We may drift away or even run away from God but He never stops loving us. I’ve thought a great deal about this lately and the more I ponder this the more I am overwhelmed with the immensity of the truth of the reality of God’s unconditional love.
Any of us humans can stop loving at anytime. You can hurt me or I can hurt you enough and often enough that your love begins to break down and eventually vanishes. In broken relationships we often say, “we’ve moved on,” or “I’m over him or her,” or “I’m glad that is over.” You’ve heard them all before. But for God there never is a moving on, or I’m glad it is over moment, because the very definition of God is love.
I was sitting thinking about this the other day when a friend mentioned that her friend who is starting to read the Bible thought God had favorites because she read in the Gospel of John where the disciple John said he was the disciple that Jesus loved. There are actually five places in the Gospel of John where this phrase, “the disciple Jesus loved,” occurs. I know believing the disciple was John has fallen out of favor these days but I still believe that is whom Jesus is talking about.
What I find interesting is the idea that the disciple Jesus loved can be translated as the disciple that Jesus kept on loving. That changes the whole idea of the verse. Is John, if it is John, saying Jesus kept on loving me in spite of my mistakes, my errors, my sins and my fears?
When we read the Bible with an open mind and heart we are confronted with flawed characters throughout the entire book. There are few people that we would hold up as perfect role models for someone on a Christian journey, but that is the exact point.
We are all on a journey, every bit as much as was Abraham, Joseph, David, Jeremiah and the disciples. They were flawed characters that struggled, failed, let God down and yet continually responded to God’s call of love. To read the Psalms is to meet a man who knows the depth of his sin and the anguish of his defeats and betrayals towards God, but also the joy of forgiveness and acceptance.
God loves each of us as His children and the idea of just one of us not going into the Kingdom of God must break His heart. He loves us with such an intense love that it led Him to the cross and yet even that is not enough for many of us who continue to refuse to accept such love. God gave His all for us because of no other reason than love.

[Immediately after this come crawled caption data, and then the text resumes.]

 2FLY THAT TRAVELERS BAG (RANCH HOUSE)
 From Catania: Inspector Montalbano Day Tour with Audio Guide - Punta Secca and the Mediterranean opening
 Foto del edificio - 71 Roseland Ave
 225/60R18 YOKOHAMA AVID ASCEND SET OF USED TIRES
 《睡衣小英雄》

When you and I go to heaven we will have joy ever lasting. But for God, I wonder if there will ever be a hole in His heart where the lost lives of His loved ones abides. Maybe it is like Christmas dinner where all the family is home except one who couldn’t make it that year. There is great joy and lots of fun and laughter but there is also something missing—the missing person.

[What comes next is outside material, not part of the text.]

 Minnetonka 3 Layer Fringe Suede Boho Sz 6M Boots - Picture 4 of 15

Let me quote Brennan Manning again, “God loves you as you are, not as you should be, because you will never be what you should be.” God loves us because He loves us and not because we are more special than anyone else on the Earth. Jesus did not die to make God love us; He died because God already loves us.

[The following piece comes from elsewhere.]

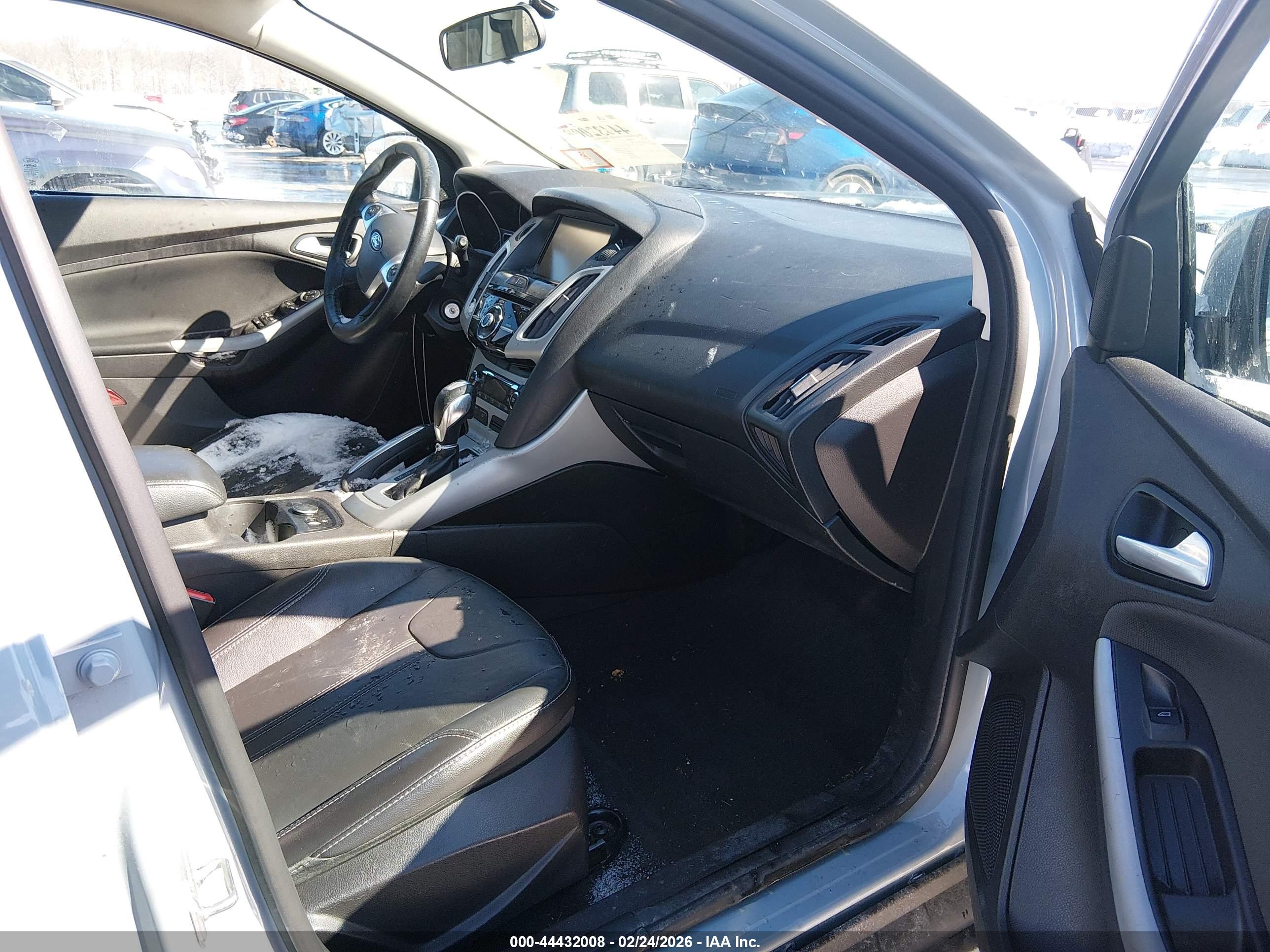 FORD FOCUS image 5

God’s love is immense and accepting. There are no conditions, it is given freely and we may embrace it and fall all over it in joy or we can walk away from it. But the point I am making is neither of those responses changes how God feels about us. No matter how much I rejoice in His love He can’t love me anymore than He already does, because I’m already loved with His entire being. And if I walk away from Him and reject Him He won’t love me any less because He loves me with all the capacity He has.
To be lost from the Kingdom of God is a difficult task because it means a person has to reject unconditional love and acceptance. It means that a person has to reject the promptings of the Holy Spirit that the God of the Universe loves that person with all His heart. A person has to become stubborn and make choices not to accept forgiveness for sins and as a result decide they would rather live with shame and pain.
To be lost means that they have to reject God’s love, and refuse to trust in the one who gave His all for them. They must make a conscious decision to say, “No I will never ask for forgiveness and repent for my sin.” They must always decide that to live in the shadows of unforgiven, and unconfused sin is greater than letting it go and finding freedom, forgiveness, and compassion.
Here is my point. We can be people of the above paragraph, but we are still loved. Yes, we reject the love God has for us and we reject the opportunity to be reconciled and receive the joy of knowing real love, but God’s love doesn’t stop flowing to us because of that decision.
Now here it goes – I can’t understand why everyone in the world doesn’t want to be a Christian when we understand that we are loved unconditionally and our salvation is a free gift that we need only accept. The problem is simple, we Christians, don’t always teach, preach, or reflect that unconditional love. We are harsh in our judgments, unaccepting of others, legalistic in our teachings, and all too often indifferent towards the lost.
In the denomination I joined as a young man, as I now, as a much older man look back, I see what I taught was quite a bit different than what I’ve been writing about this morning. I had an agenda and that was to get people to join the church that I belonged to. The result was I taught the teachings of my church and if people didn’t accept those teachings, well so be it and I moved on.
I have often wondered over the years what pain and hurt many of those people felt and yet we never came to the place where we could talk about them because I was so busy teaching them doctrines that had nothing to do with their everyday life or the crisis that made them want to find answers through a stranger sitting in their front room.
God is love and He loves us with an unconditional love. It’s true we can’t love as Jesus does because the very nature of our love is conditional, but we can still love with all the joy, peace, and assurance that lives within us.